Il PPD è polemico riguardo lo spostamento della croce intitolata "Luce Divina": «Si reclama l'autonomia dell'arte e poi sono quelli che a Lugano devono occuparsi di arte a porre delle censure»
LUGANO - È con «grande costernazione» che la Sezione PPD e GG di Lugano ha appreso delle «incomprensibili traversie», di cui è stata oggetto la scultura posizionata davanti alla chiesa di Santa Maria degli Angioli. La gigantesca croce in acciaio, opera dello scultore albanese Xelidon Xhixha e intitolata Luce Divina, infatti dovrà essere spostata.
Il motivo? «La sua collocazione nei pressi del LAC non va bene ai vertici del MASI, il Museo d'arte della Svizzera italiana», sottolineano i pipidini luganesi.

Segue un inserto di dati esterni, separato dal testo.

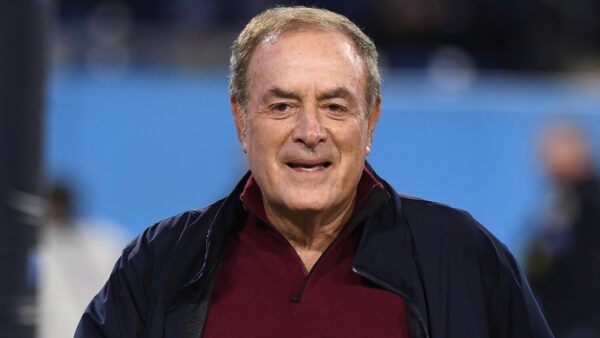 Al Michaels smiling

Secondo la sezione PPD il vero motivo di questo trasferimento sarebbe proprio il simbolo raffigurato dall'opera, una croce, percepita come un simbolo religioso. «Veramente c'è di che rimanere allibiti! Ma come? In ambito artistico si reclama sempre l'autonomia dell'arte da qualsivoglia pressione e poi sono proprio quelli che a Lugano devono occuparsi della programmazione artistica a porre delle censure? E la croce non la troviamo forse anche nella nostra bandiera nazionale?».

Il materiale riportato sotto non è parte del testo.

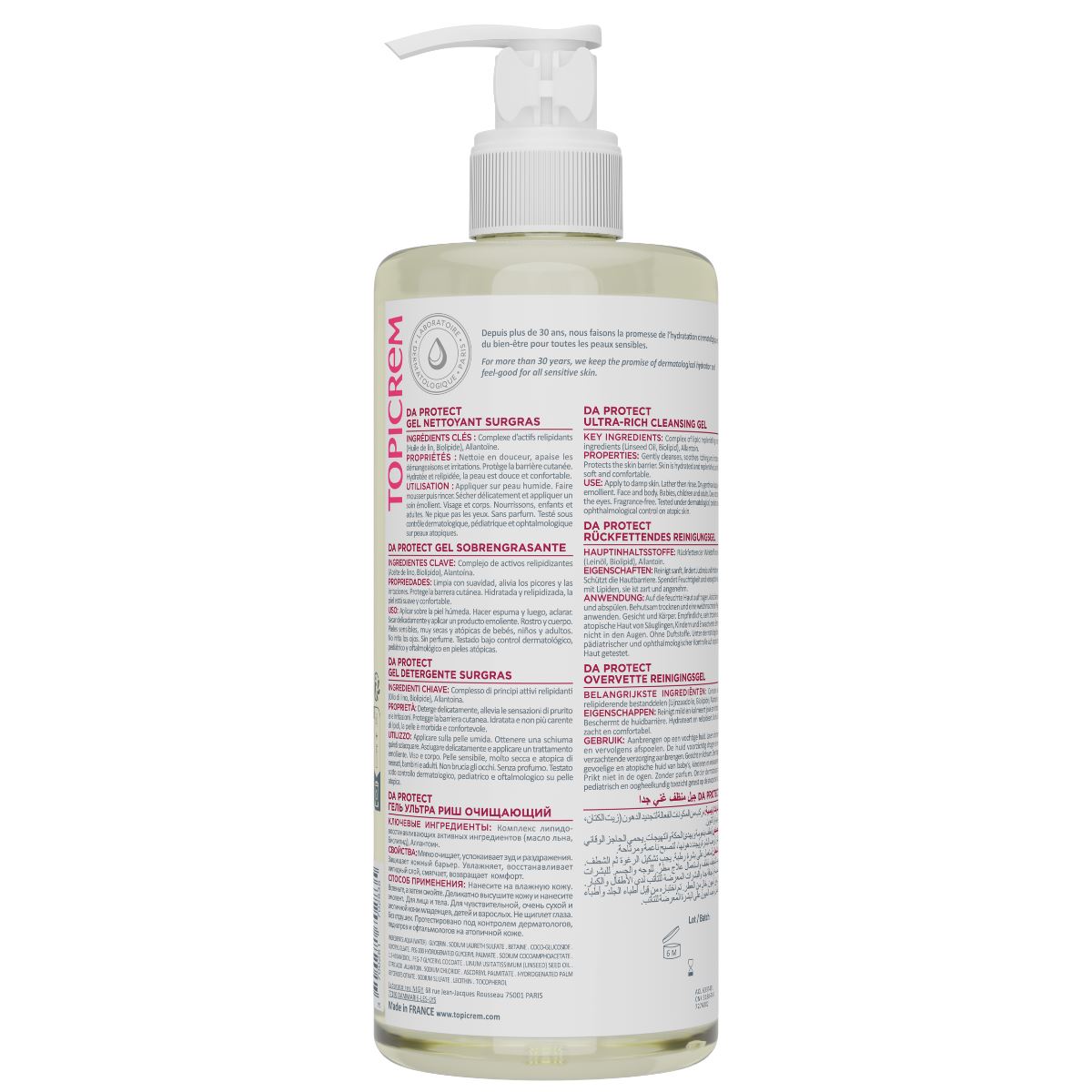 Topicrem DA Protect Ultra Rich Cleansing Gel, 500ml (Exp 01/28)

Le giustificazioni avanzate fino ad ora appaiono assurde al PPD. «Arrivano ad affermare che "la chiesa degli Angioli è un tutt'uno con il LAC»; dimenticandosi forse che quello straordinario monumento di fede e di arte (contenente il celeberrimo affresco di Bernardino Luini raffigurante le vicende della Passione di Gesù e la sua Crocifissione) esiste già da qualche secolo. Di più, il MASI pretenderebbe di avere potere decisionale su tutto ciò che lo circonda: ciò che potrebbe significare porre censure anche sulla programmazione musicale e teatrale e sull'uso di piazza Luini, qualora la stessa non risultasse gradita ai suoi vertici».

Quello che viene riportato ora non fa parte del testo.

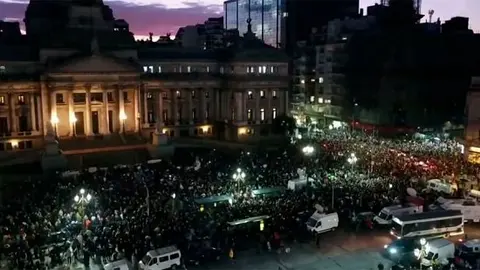 manifestaci&oacute;n contra Kirchner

Per la sezione di Lugano del PPD - che chiede di lasciare l'opera dov'è , fino alla fine della mostra -, appare incomprensibile che il Municipio abbia accolto la richiesta di spostare l'opera. «Vi è una chiara mancanza di coerenza rispetto alla difesa dell'autonomia dell'arte più volte invocata dal nostro Esecutivo».